Keystroke monitoring to protect the public

The Massachusetts Dept. of Revenue knows more than most government agencies about monitoring employees' activities for illegal behavior. The department is profiled in a CSO Online article about keystroke monitoring. The Bay State's tax department started a program to protect the confidentiality of famous sports figures' tax returns 1992 but eventually realized they needed a comprehensive way to protect everyone's returns.

Eventually, Moynihan—and his boss, the commissioner—realized the DoR had to monitor every access of every taxpayer's personal information on the database. Integrity of the process was not only an ethical matter—a public-sector breach could lead to major political ramifications. "If at any time a confidentiality problem hit the papers and taxpayers felt the system was not protecting their information, it could impact voluntary [income tax] compliance. The consequences could be immeasurable," he says.

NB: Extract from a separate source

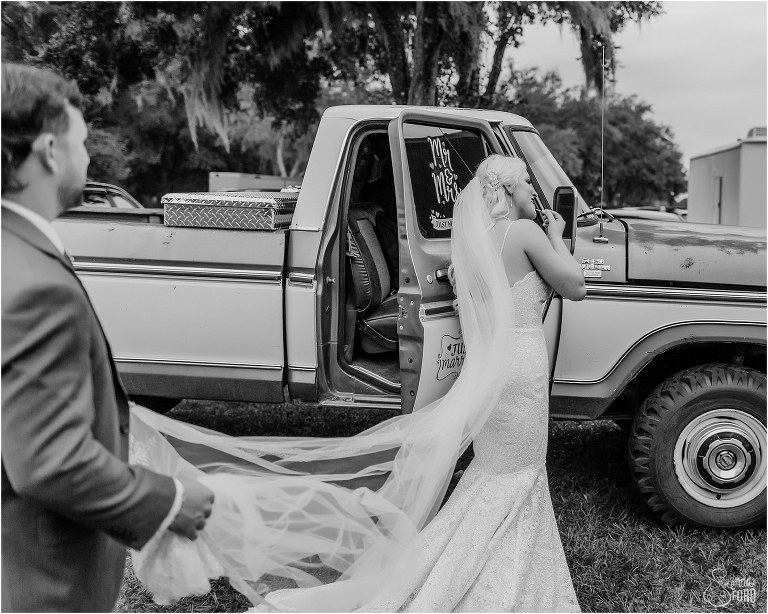 groom holds bride's train as bride reapplies lipstick at Horsepower Ranch wedding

In 1997, the Department of Revenue spent $300,000 (out of an overall IT budget of $25 million) to custom develop its Transaction Tracking system based on a Unisys mainframe. The system captures every access of taxpayer data in Massachusetts and creates audit trails for future reference. Once auditors monitoring the database identify a potential violation of the data access policy, such as an anomaly in the audit trail, they give the employee a chance to explain. If there is no reasonable explanation for the data access, the case is referred to internal investigators for further analysis and an interview with the employee. Disciplinary actions that could follow include firing an employee for a first offense.